Evergrande: Chinese firm and founder fined over $78bn fraud claims


The troubled Chinese property developer Evergrande and its founder have been fined over allegations that they fraudulently inflated its revenues by $78bn (£61.6bn) in the two years before it began missing debt repayment deadlines.

Beijing’s stock watchdog fined the company about $580m for allegedly falsifying its revenue, among other violations, as it conducts a deep clean of the country’s embattled financial sector.

The company said in a release to mainland Chinese stock exchanges late on Monday that its chair, Hui Ka Yan, was fined $6.5m and banned from China’s markets for life. Hui, also known as Xu Jiayin, was detained by authorities in September for suspected “illegal crimes”.

Evergrande is the world’s most indebted property developer, with more than $300bn in debts. It is among dozens of Chinese companies that have collapsed since 2020 under official pressure to rein in excessive borrowing that the ruling Communist party views as a threat to the economy.

The notice cited a preliminary ruling by the China Securities Regulatory Commission, which recently got a new chief, Wu Qing, an industry veteran with a reputation for being tough on market misbehaviour.

Evergrande said regulators found it had overstated its revenue in 2019 by nearly $30bn, or about half. In 2020, they allege its revenue was overstated by nearly 80%, or $48.6bn.

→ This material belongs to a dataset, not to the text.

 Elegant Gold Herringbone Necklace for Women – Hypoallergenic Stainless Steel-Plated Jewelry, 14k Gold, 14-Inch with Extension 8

The CSRC also suspects problems with bonds Evergrande issued, it said. In September 2021 it began to struggle to repay its debts, missing a key interest payment deadline.

Hui, as chair, was “the person in charge who is directly responsible and at the same time serves as the actual controller of the organisation and guidance”, it said. “The means were particularly bad and the circumstances were particularly serious.”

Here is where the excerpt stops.